A series of studies undertaken by McKinsey & Co over the past six years analysing the link between diversity and profitability have all provided one inescapable truth: and that’s that diversity wins!
The Irrefutable Case For Gender Equality
In a first analysis back in 2015, companies in the top 25th percentile for gender diversity on their executive teams were 15% more likely to have above-average profitability than companies in the fourth quartile. Four years later, that number grew to 25%.
Companies with more than 30% female executives were also more likely to outperform companies where this ranged from 10-30%, with those in turn bettering those with even less.
In addition, the gap between the most and least gender-diverse companies in terms of likelihood of outperformance stands at 48% – a substantial gap that is perhaps amplified by the current pandemic context.
Fewer White Men In Grey Suits At The Top
The case is equally captivating when switching attention to the recruitment and championing of candidates or employees from ethnically and culturally diverse backgrounds.
In 2019, top quartile companies outperformed those in the fourth one by 36% in profitability, up from 33% in 2017.
The numbers don’t lie!
A report by MarketWatch suggests that companies with a more diverse workforce are not only better-positioned to meet the needs of varied customer bases but the cash flows of diverse companies are also 2.3 times higher than those companies with more monolithic staff bases.
Put simply, companies that are more diverse are much better-placed to capture new markets than organisations that do not actively recruit and support talent from under-represented groups.
How Do I Go About Creating A More Diverse Workplace?
No doubt you’re sitting there thinking: “It’s all well and good giving me the statistics, but how do I promote diversity within my own company?”.
Of the 1,007 companies analysed by McKinsey & Co, the common thread of market leaders in diversity was a systematic approach to strengthening inclusion with five key methods:
1. Representation Of Diverse Talent
An obvious point but an essential driver for inclusion nonetheless. Representation should be considered at all levels within the company, be it into executive, management, technical, administrative, logistical, customer service, creative or board roles.
Attracting and recruiting diverse talent is not enough, however. Diverse employees may feel underappreciated and disengaged if they feel tokenised or isolated in the workplace.
Executing actual inclusion strategies requires innovation; and the companies which recognise that often outperform those who view it on an opta or statistical level.

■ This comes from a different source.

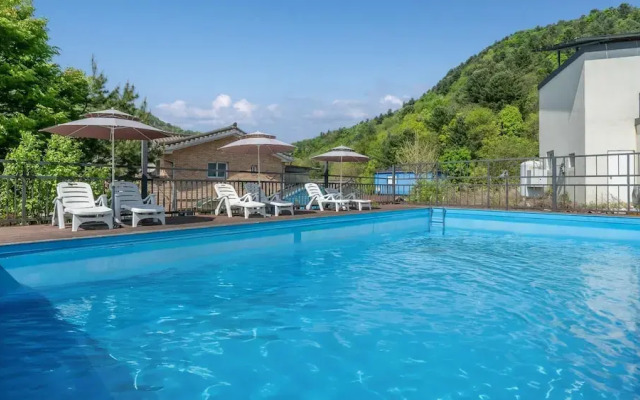 Gapyeong Villajia Spa Pension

2. Leadership and Accountability
Company leaders should be at the forefront of this effort. Beyond HR function, leaders should not only promote the notion of inclusion, but be held accountable for progressing diversity.
Lacking role models is a common roadblock, particularly for women and ethnic minority employees. Providing education tailored to certain groups can alleviate the disparity between leaders and employees.
3. Equality Of Opportunity
To advance towards a true meritocracy, it is critical that there is equality of opportunity. Promoting a level playing field through openness and transparency is extremely important when seeking to advance diversity.
4. Tackle Discrimination
Like every other aspect of life, companies should uphold a zero-tolerance policy for discriminatory behaviour, such as bullying or harassment.
Beyond that, companies should actively help managers and staff identify and address microaggressions.
5. Foster Morale
Togetherness and belonging are critical to work culture. Having an environment where each and every employee feels like they can bring their full potential to the table only advances the company further.
Communicating and embracing a commitment to multivariate forms of diversity within the workplace could be the key difference between profit and loss.
Don’t Be A Laggard!
Although diversity has been proven time and time again to promote higher levels of productivity and profitability, progress surrounding the diversification of the working environments remains slow.
McKinsey reports that Black Americans only hold 4% of senior executive positions at US- based firms, despite making up 10% of all university graduates in the country.
It’s a similar story in the UK, where – despite making up 22% of university graduates – Black and Ethnic minorities only hold 8% of all executive roles up and down the country.
Women in the UK only hold 15% of all executive jobs, and 22% of other board seats.
Be A Champion For Diversity
Despite this bleak reality, there is hope!
The polarisation between industry leaders and laggards in regards inclusion and diversity is noticeably growing.
For example, in 2019, industry leaders, companies with the highest levels of diversity within their executive teams were 62% more likely to outperform their competitors in terms of profitability.
The conclusion is simple. DON’T BE A LAGGARD.
Now’s the time to make your stamp and champion diversity in your company and industry – and society as a whole.
Talking about new groundbreaking policies and recruitment is one thing; but when it comes to diversity and inclusion, it’s all about walking the walk.
Embedding inclusive values into the culture of your business will fundamentally bring a positive top-down change that will undoubtedly be reflected in higher profitability, while also causing ripples across the business world in general.
Recruitrite is very proud to be an extremely diverse company where people are judged on the content of their character and their merits.